Blam was one of the passengers. He too clung to the idea of revolt, eager and apprehensive, excited and remorseful, full of hope and the darkest foreboding. Until the Occupation, Blam was a prisoner of the house on Vojvoda Šupljikac Square — in chains but with privileges — having been charged, as the only son, with the mission of acquiring a higher education and a place in society, so he could break down the walls of alienation surrounding the family. Then suddenly he was deprived not only of the chance to pursue his education but also to make use of what education he had, thereby losing both his prisoner status and his privileges and ceasing to be anything at all. Paradoxically, however, he gained by the loss. It put him on an equal footing with others. Because now schooling, jobs, progress up the social ladder — everything he had been counted on to achieve — had for tens of thousands of others become the booty of chaos, the spoils of war, blood, despotism, and destiny. They were all of them wrenched from the comfort of their homes and tossed into the street, at the mercy of the people pursuing them, closing in on them like a pack of stray dogs around scraps of meat.

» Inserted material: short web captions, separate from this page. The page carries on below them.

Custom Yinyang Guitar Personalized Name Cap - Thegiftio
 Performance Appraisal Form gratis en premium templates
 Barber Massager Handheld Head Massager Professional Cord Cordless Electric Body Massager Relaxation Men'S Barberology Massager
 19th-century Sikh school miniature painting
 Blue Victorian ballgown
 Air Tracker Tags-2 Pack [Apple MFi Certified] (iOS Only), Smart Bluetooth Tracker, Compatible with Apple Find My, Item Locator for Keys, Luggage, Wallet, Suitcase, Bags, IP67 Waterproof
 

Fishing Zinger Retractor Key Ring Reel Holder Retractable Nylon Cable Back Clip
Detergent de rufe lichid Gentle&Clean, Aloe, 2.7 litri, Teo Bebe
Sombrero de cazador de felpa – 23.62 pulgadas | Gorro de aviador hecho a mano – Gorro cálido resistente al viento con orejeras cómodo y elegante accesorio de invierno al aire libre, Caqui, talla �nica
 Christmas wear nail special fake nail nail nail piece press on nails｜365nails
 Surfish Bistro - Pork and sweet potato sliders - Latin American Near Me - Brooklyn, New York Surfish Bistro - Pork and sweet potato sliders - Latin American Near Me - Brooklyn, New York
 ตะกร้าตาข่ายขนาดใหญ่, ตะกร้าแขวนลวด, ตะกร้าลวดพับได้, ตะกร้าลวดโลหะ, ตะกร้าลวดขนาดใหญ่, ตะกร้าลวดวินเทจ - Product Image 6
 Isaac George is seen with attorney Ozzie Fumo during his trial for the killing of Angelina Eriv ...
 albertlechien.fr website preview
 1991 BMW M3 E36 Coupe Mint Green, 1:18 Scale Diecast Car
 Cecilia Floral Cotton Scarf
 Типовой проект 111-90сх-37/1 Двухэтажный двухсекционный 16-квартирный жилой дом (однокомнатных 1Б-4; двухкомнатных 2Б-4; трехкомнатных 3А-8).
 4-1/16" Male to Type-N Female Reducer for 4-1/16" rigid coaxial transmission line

Blam too, with nothing to do, no goal in life, separated from a family racked with anxiety and desperation, attracted to everything new, excited yet frightened by it like a child by fireworks, spent all his time in the street — watching. He watched the Hungarian officers in their caps jauntily pushed back, their trim tunics and gray lace-up boots, watched them strut over soil they had conquered only with the aid of a foreign power, watched them bow to and kiss the hands of the wives of newly appointed officials, the wives of new owners of shops confiscated from Jews, and the wives of Budapest lawyers who had descended on this hotbed of lawlessness like vultures; he watched the women, some beautiful, others hideous, dressed in their best but all vulgar reflections of faded glory; he watched gendarmes in black plumed hats patrolling the streets two by two with flashing eyes and with rifles slung over their shoulders, defending the new order, the new disorder, the insanity, the disease; he watched the German soldiers as they stood guard before their barracks, arrogant under their helmets, scornfully observing the spectacle they had set in motion and were now directing; he watched the Serbs and Jews, shopkeepers, artisans, and former officials stopping to have a word with a fellow sufferer, whispering, looking both ways, shaking their heads, then parting sadly to return to their deserted rooms to wait. He watched old men and women in black who, not having grasped the change or lacking the strength to adapt to it, went with heads bent to church for consolation. And he watched young people restlessly gathering, pushing, shouting in the squares, along the promenades, bursting with anger, resistance, the desire to fight, hatred, youthful indignation at injustice, foisting pamphlets on one another, sharing news, showing off the knife or pistol handles under their clothes. He saw Čutura among them, always in a hurry but purposeful, always on the fringe of a crowd he seemed to hold together with the invisible rope of his will. He saw Krkljuš dragging his saxophone case on the way to practice or surrounded by the members of his band and whistling the latest swing or fox-trot hit they would be rehearsing the next morning. Hoping to learn how to merge with a strong, well-defined group, Blam would join sometimes one, sometimes the other.